Task instructions: Return the data verbatim, without pictures.

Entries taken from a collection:

BEGIN

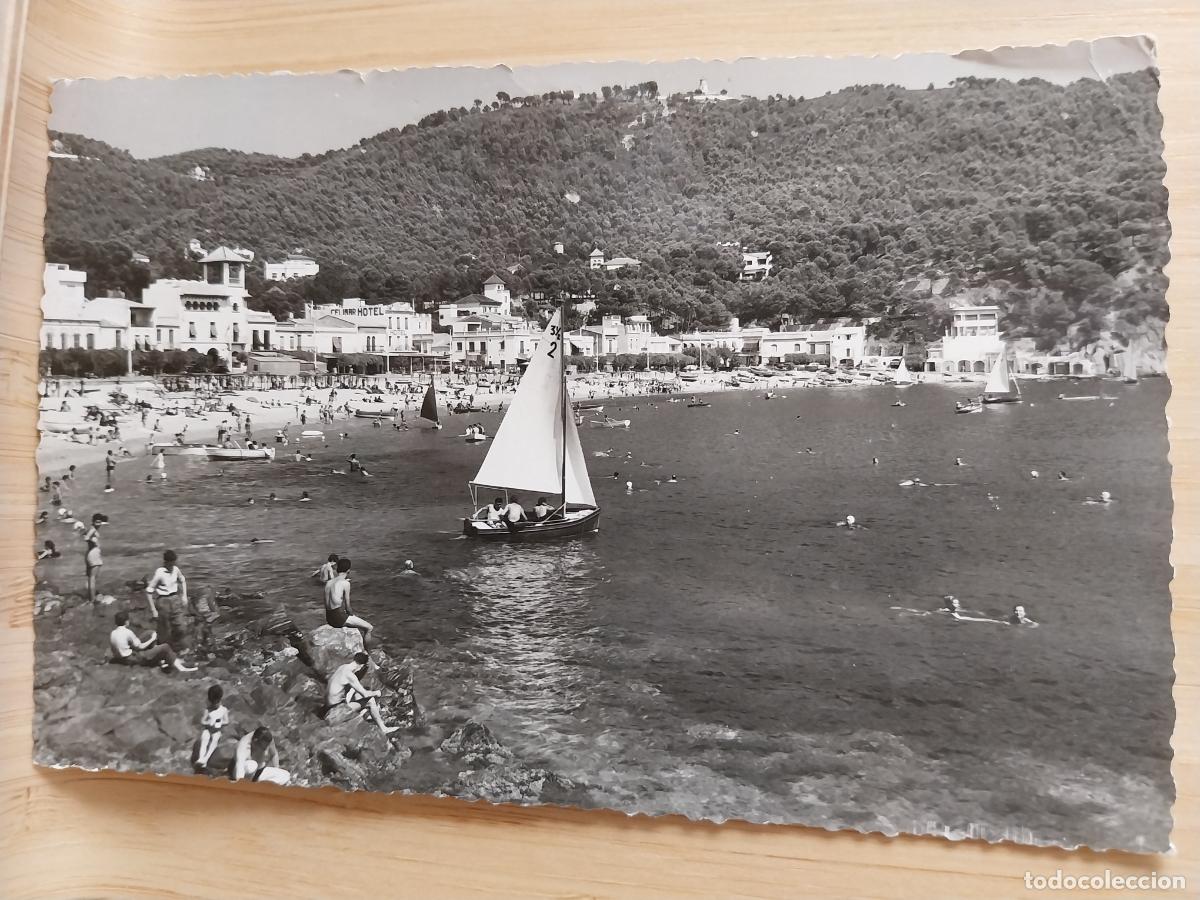 Postales: PALAFRUGELL PLAYA LLAFRANCH ED AGUSTI CIRCULADA A&Ntilde;OS 60 BARCAS ANIMADA *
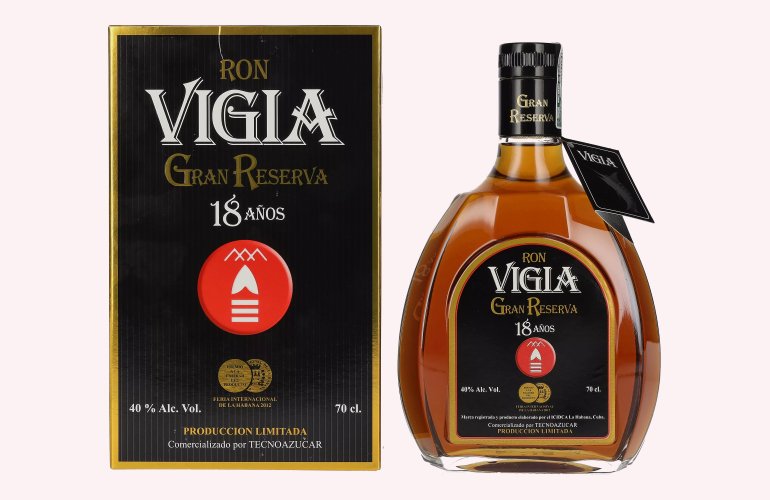 Ron Vigia Gran Reserva 18 Años Produccion Limitada 40% Vol. 0,7l en boîte cadeau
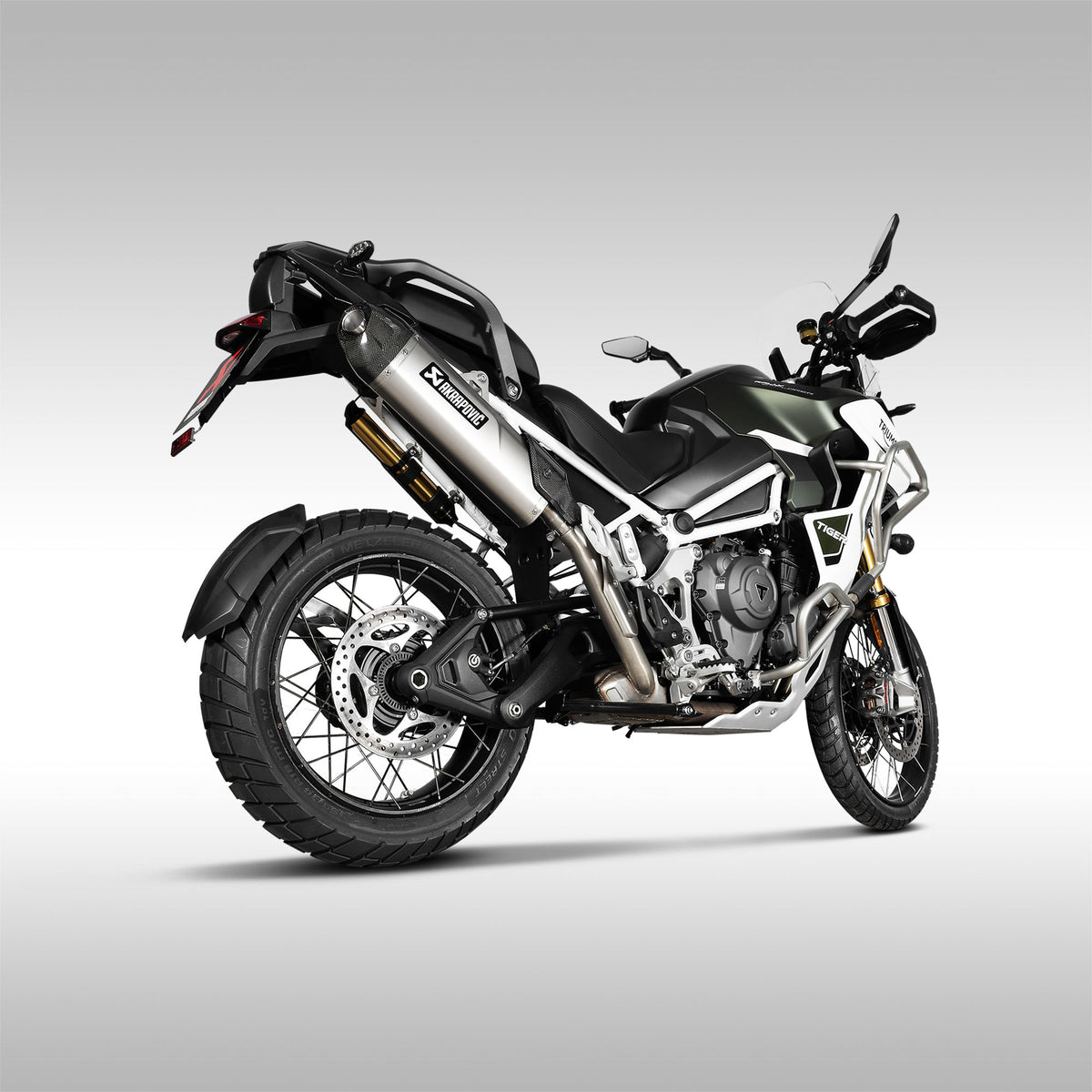 AKRAPOVIC - TITANIUM SLIP-ON EXHAUST FOR TRIUMPH TIGER 1200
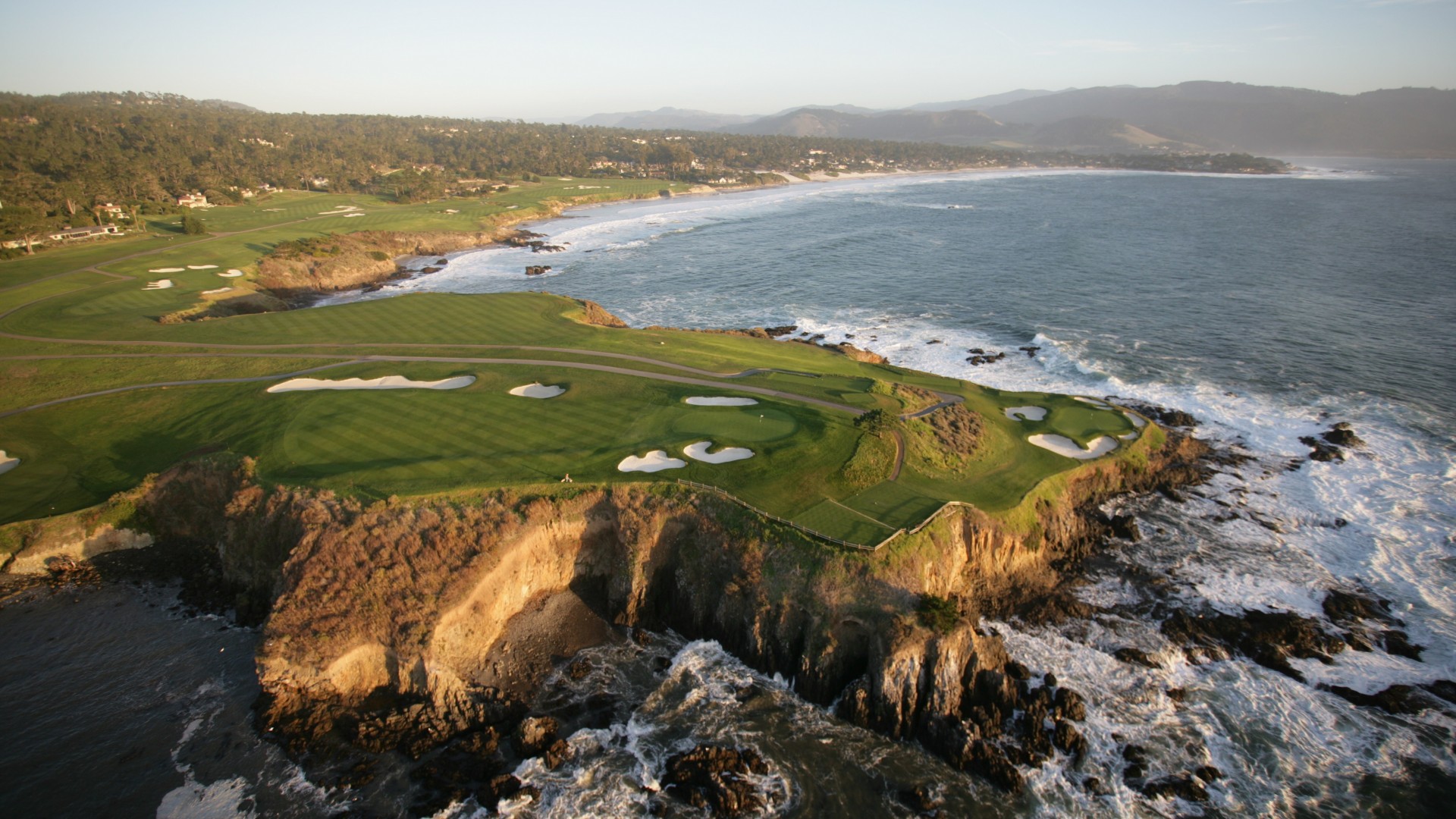 Pebble Beach golf links, Pebble Beach, United States of America Pebble Beach golf links, Pebble Beach, United States of America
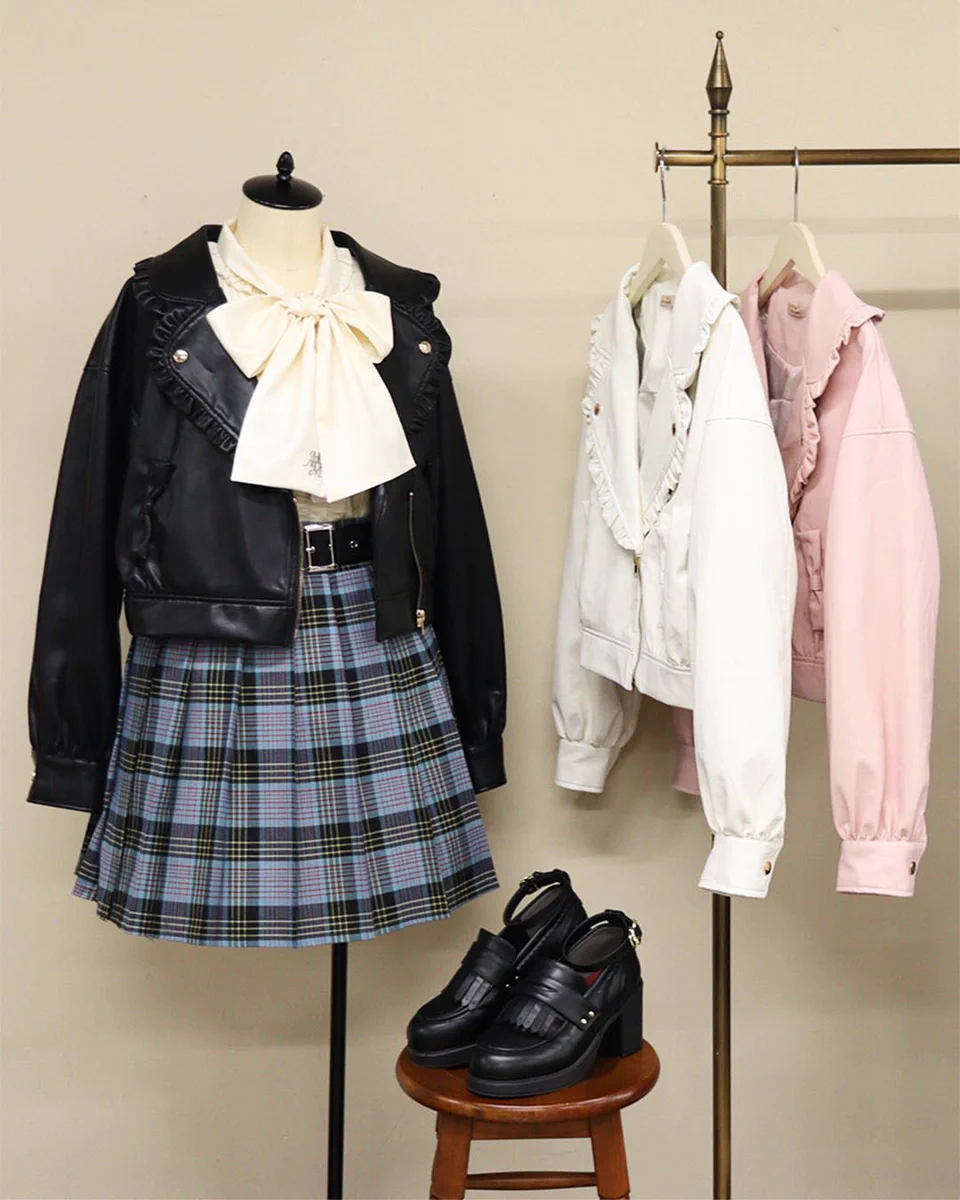 【最終価格】Amavel フリル ライダース ジャケット 黒 ロリータ Amavel on X: 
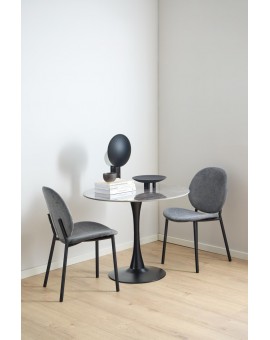 STÓŁ  MALTA 90 CM CERAMIKA SZARA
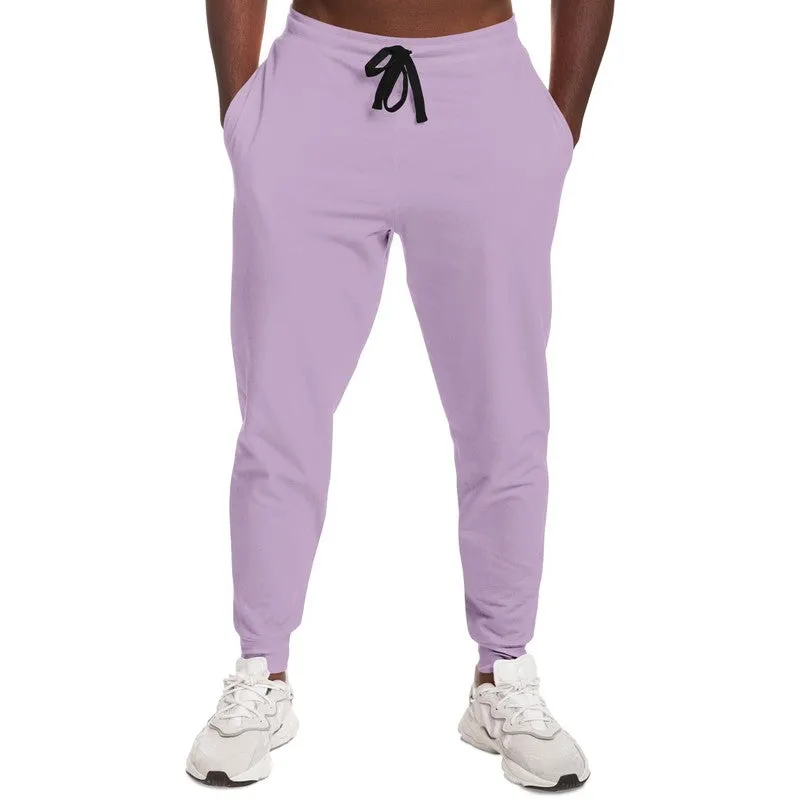 Pale Pastel Purple Joggers | Unisex | with PLUS sizes | Bright Pale Pastel Purple | C15M30Y0K0
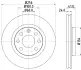 Тормозной диск HELLA PAGID 52415 (фото 1)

END

Reply to the exercise:
 Postales: PALAFRUGELL PLAYA LLAFRANCH ED AGUSTI CIRCULADA A&Ntilde;OS 60 BARCAS ANIMADA *
 Ron Vigia Gran Reserva 18 Años Produccion Limitada 40% Vol. 0,7l en boîte cadeau
 AKRAPOVIC - TITANIUM SLIP-ON EXHAUST FOR TRIUMPH TIGER 1200
 Pebble Beach golf links, Pebble Beach, United States of America Pebble Beach golf links, Pebble Beach, United States of America
 【最終価格】Amavel フリル ライダース ジャケット 黒 ロリータ Amavel on X: 
 STÓŁ  MALTA 90 CM CERAMIKA SZARA
 Pale Pastel Purple Joggers | Unisex | with PLUS sizes | Bright Pale Pastel Purple | C15M30Y0K0
 Тормозной диск HELLA PAGID 52415 (фото 1)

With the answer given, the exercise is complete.